逆算の政治学

安倍総理の今の目標は、消費税増税と、TPP成立と、憲法改正だと言えるであろう。
ということは、今年には間違いなく、参議院選挙があり、できれば、衆参同時選挙をやりたいと思っているわけだから、合わせて「大勝」できなければ、安倍総理が考える憲法改正は行えない。
しかし、彼にしてみれば、憲法改正のために、リフレ政策にコミットメントしてきたのだから、今の、景気後退局面のまま、選挙に突入するわけにはいかない、ということになるであろう。
そこで、安倍政権は何を行ってくるか。
おそらく、一つの特徴として、選挙が開始したとき、野党が攻撃のネタとしようと思っていることを、次々とさせない、ということになるであろう。
その一つが、在特会問題である。

【しばき隊完全勝利】ヘイト動画削除要請を無視し続けてきたニコニコ動画が法務省に怒られあっさり削除w

在特会のデモは、もしも「一般」の人が、この内容を知れば知るほど、かなり「ヤバい」ものであることが、どんどんと広がっていくであろう。しかも、自民党の党の役職についていた、かなりの大物が、そもそも、在特会と「懇意」であったことが、分かっている。
もしかしたら、この在特会問題こそが、今回の選挙の帰趨を決するのかもしれない。
自民党選挙対策は、CIAの手先であった戦後からずっと、「工作員」戦術であった。まず、国民のアンケートをとり、なにが、自民党の人気にとって、クリティカルであるのかを調査する。そして、徹底して、このアンケート結果で、問題となった部分を集中して、対策する。
自民党にとって、この「アンケート」で、国民の反応の鈍い部分は、言わば、「どうでもいい」わけである。自民党が行わなければならないのは、国民がアンケートで敏感に反応した部分である。つまり、ここさえ、うまく「パッチ」すれば選挙に勝てる。国民など「ちょろい」わけである。

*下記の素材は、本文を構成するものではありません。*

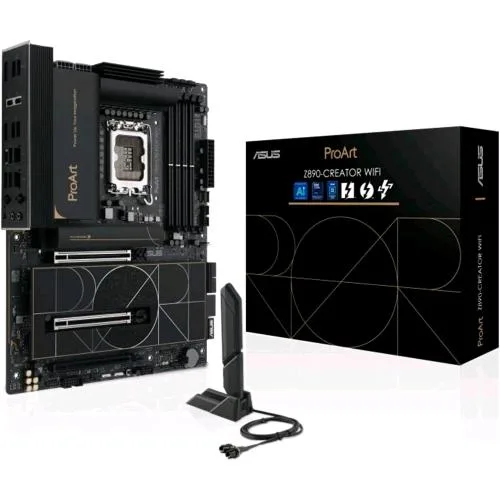 ASUS Proart Z890-Creator Wi-Fi 7 Scheda Madre Intel ATX, 16+2+1+2 Fasi di Alimentazione, Slot DDR5, Pcie 5.0 per GPU di Nuova Generazione, 5 Slot M.2, Due Porte Thunderbolt 5 Type-C, Wi-Fi 7, Nera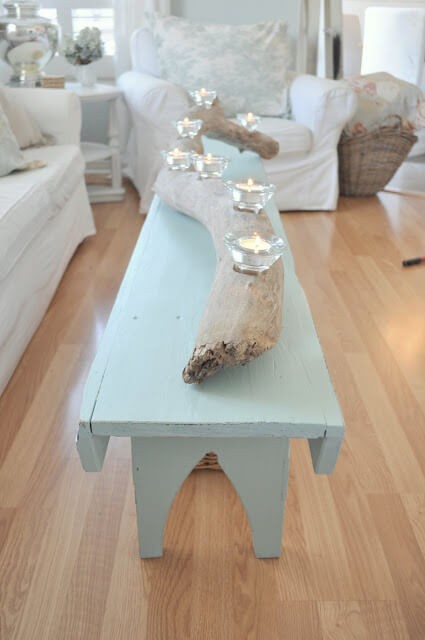 #20. Bench coffee table with driftwood candleholders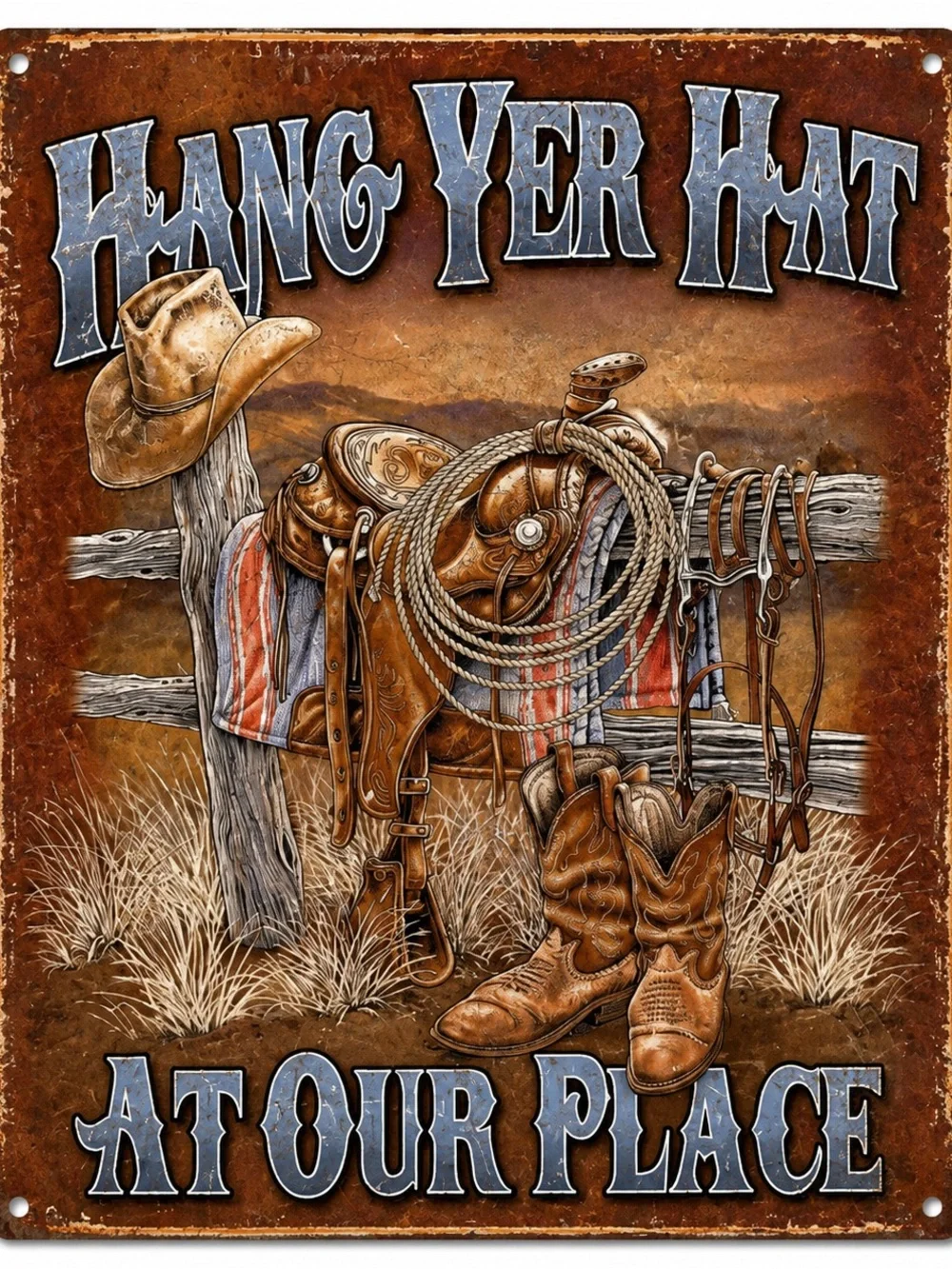 NEW Hang Yer Hat At Our Place Cowboy Metal Sign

しかし、上記のリンクであるが、ニコニコ動画は、法務省の言いなりだったわけか。これ。今後の日本のサブカルチャーにおいて、大きな禍根を残したのではないだろうか。あまりにも、ニコニコ動画の対応が悪すぎる。
あのさ。
在特会の問題というのは、非常に重大な問題なわけでしょう。これ。ハンパな考えでいたら、大変なことになってしまうわけでしょう。日本のこれからのことを考えたら、本気で、取り組まなければいけない、最も重要な課題だったんじゃないか。

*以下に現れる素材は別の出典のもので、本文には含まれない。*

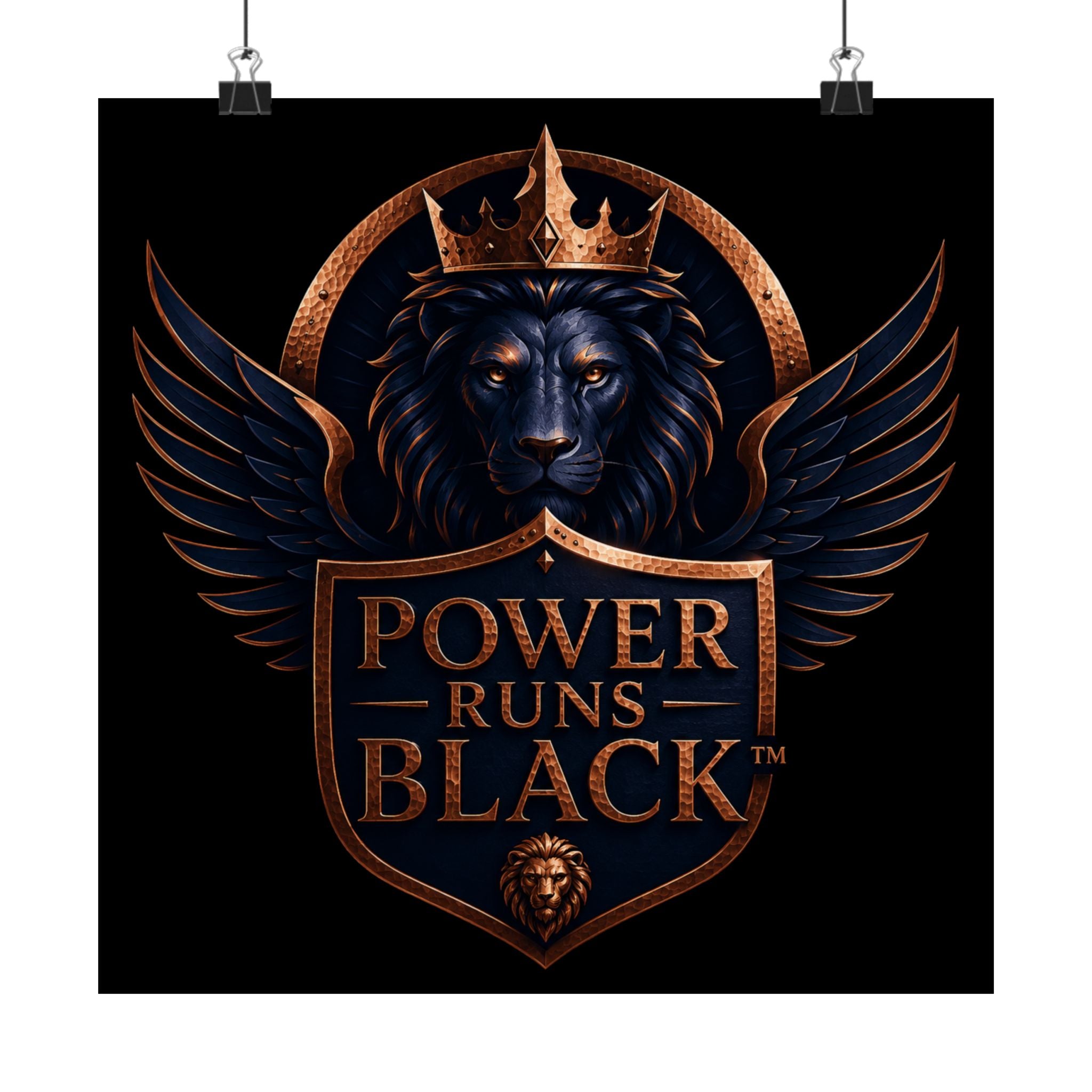Power Runs Black Matte Poster — Regal Lion Crest Wall Art by Power Runs Black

それを、ニコニコ動画は、「お金儲け」に利用した。いや。利用しただけでなく、「言い訳」まで、してたわけでしょう。つまり、在特会に一定の「正当性」を、与えていた(実際に、それで、ニコニコ動画は、「お金儲け」までした)。
それが、法務省がちょっと口を出してきたら、あっさり削除ですか。今まで、多くのニコニコ動画に対して、「抗議」をしていた人たちに対して、あまりに失礼なんじゃないですかね。そういった人たちのことを、あたかも「クレーマー」のように、侮辱しておいて、法務省が言ったら、あっさり、てのひら返しですか。

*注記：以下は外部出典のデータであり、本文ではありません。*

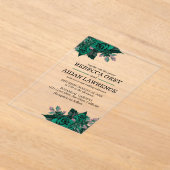 Modern Emerald Floral Garden Wedding Invitation (Poser)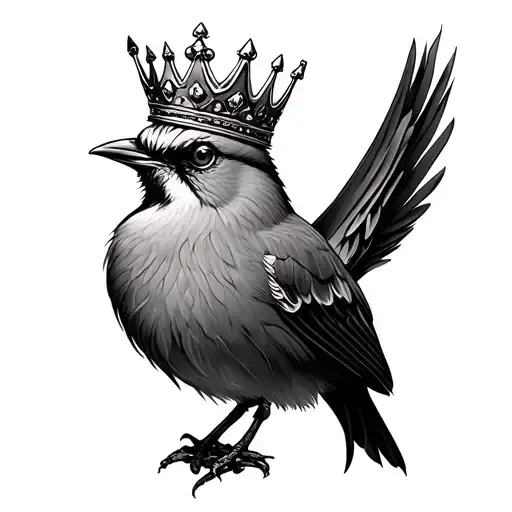 Wren Wearing Crown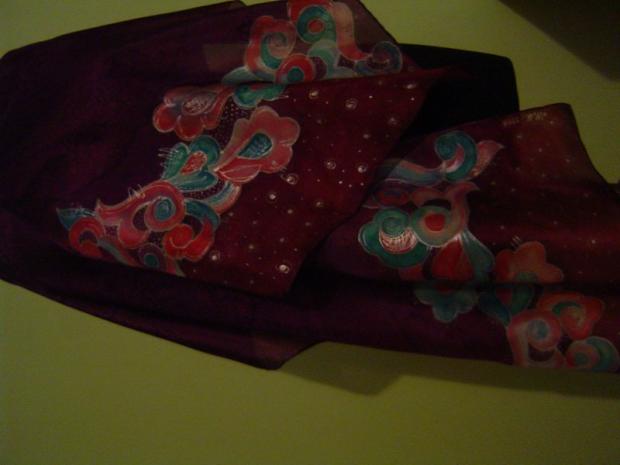 šál , Maľovaný textil šál , Maľovaný textil, monhut, 1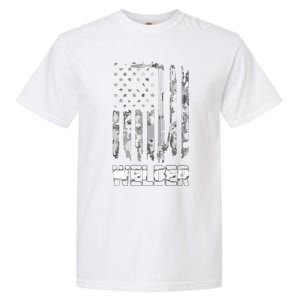 Distressed Welder American Flag USA Patriotic Welder Garment-Dyed Heavyweight T-Shirt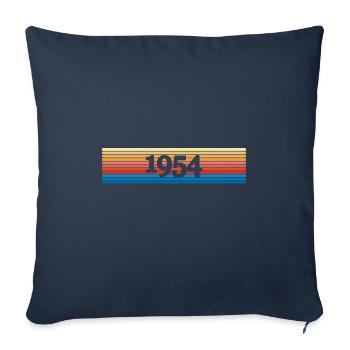 Année 1954 - Housse de coussin décorative 45 x 45 cm - bleu marine - Devant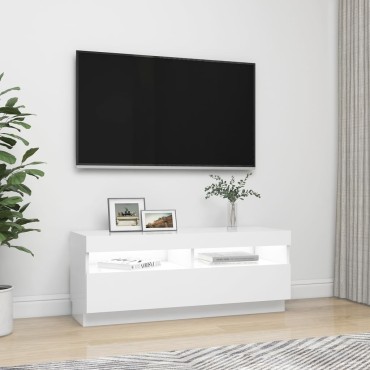 vidaXL Έπιπλο Τηλεόρασης με LED Λευκό 100x35x40cm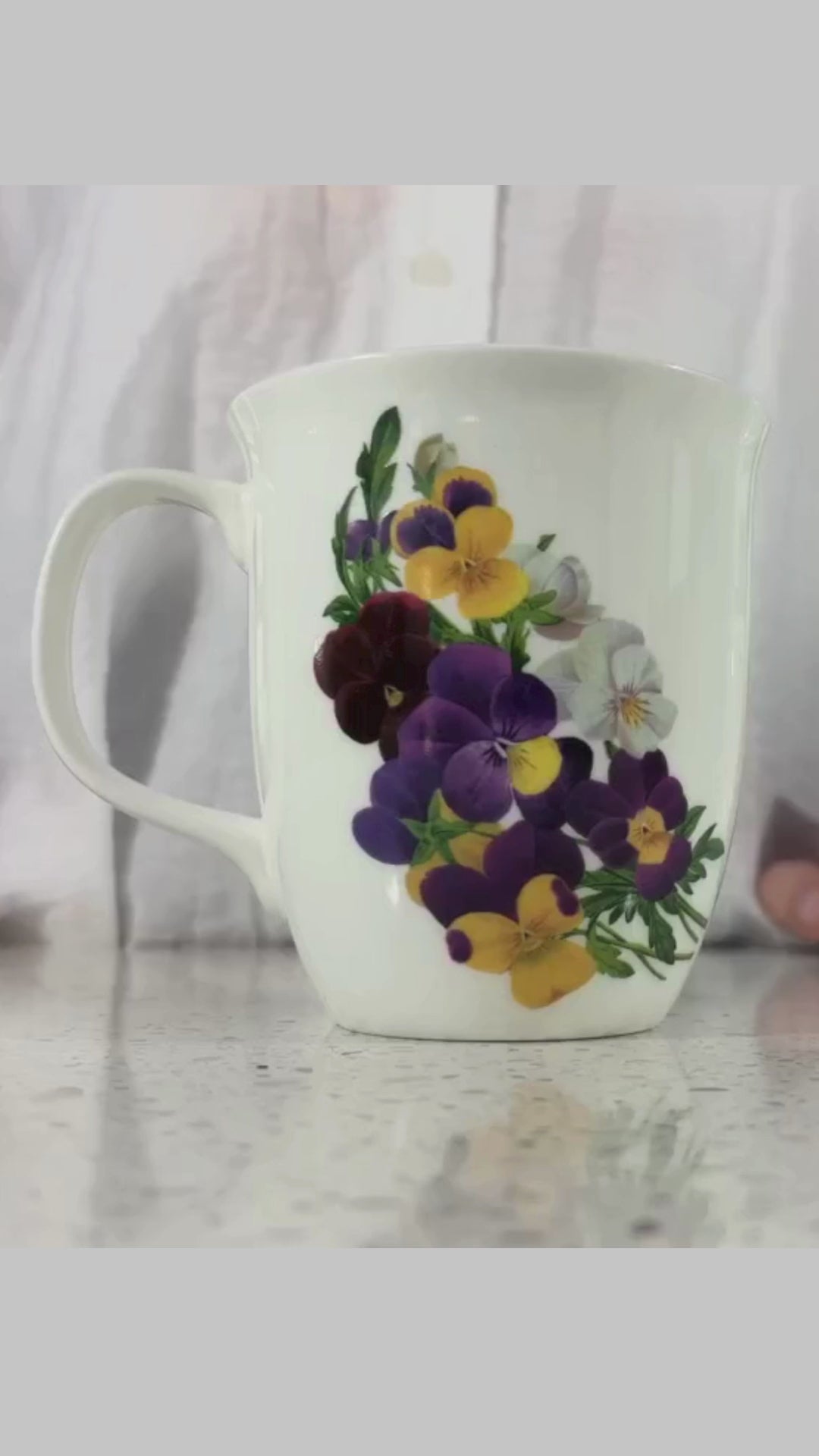 Botanical Flowers Viola Java Mug, product video preview, lifestyle image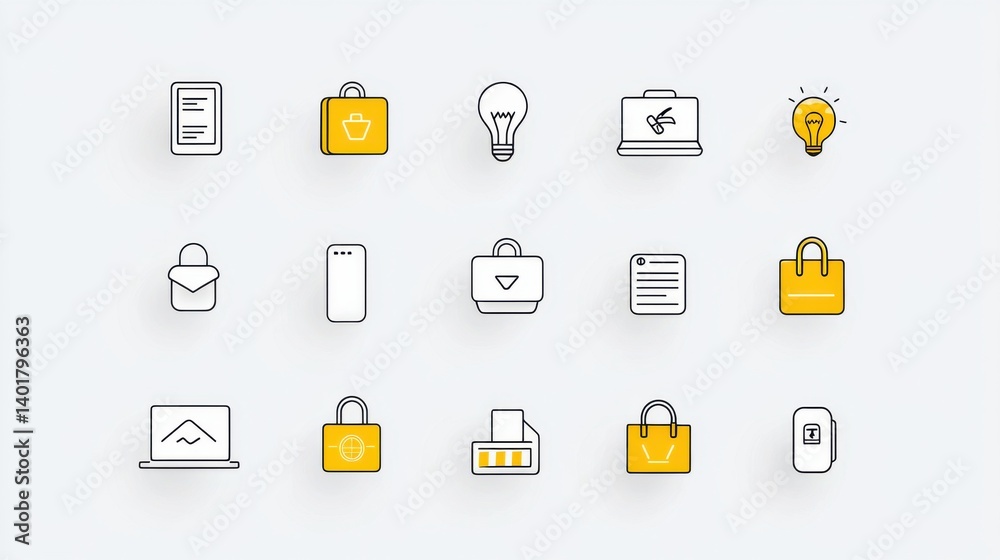 Poster a collection of 15 sleek and minimalist icon graphics in an outline style suitable for use in digita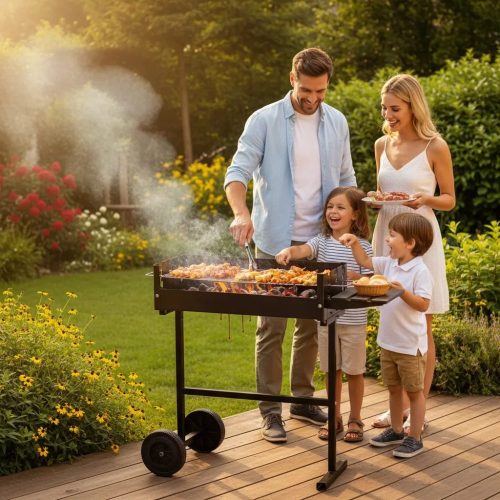 Parrillero Barbacoa Asado Carbón Jardín Portátil Negro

だったら、もう今後は、主義主張なんてやめて、すべて「お金儲け」です、って言ってもらうしかないんじゃないですかね。どうせ、また、てのひら返しをするんですから。
なんというか、同じようなことを、原発推進派に対しても、ときどき感じるんですよね。本気で、原発は推進すべき、と思っているんですかね。そういった信念を深く心に刻んでいるんだったら、そういった覚悟でやってほしいんですよね。
でも、違うんでしょ。
政府が、やっぱり、原発から撤退する、とか、福島の被災者に手厚いサポートをする、という方針を決めたら、やっぱり、てのひら返しをするんでしょ。政府の考えに「はむかって」でも、自分の信念を貫く、というわけでもなんでもないわけでしょ。
そもそもそんな、「主張なし」なのだったら、最初から、自分には主張なんていうものはないんです、と首にでも、掲げておいてもらえませんですかねw お金儲けがしたいだけですって。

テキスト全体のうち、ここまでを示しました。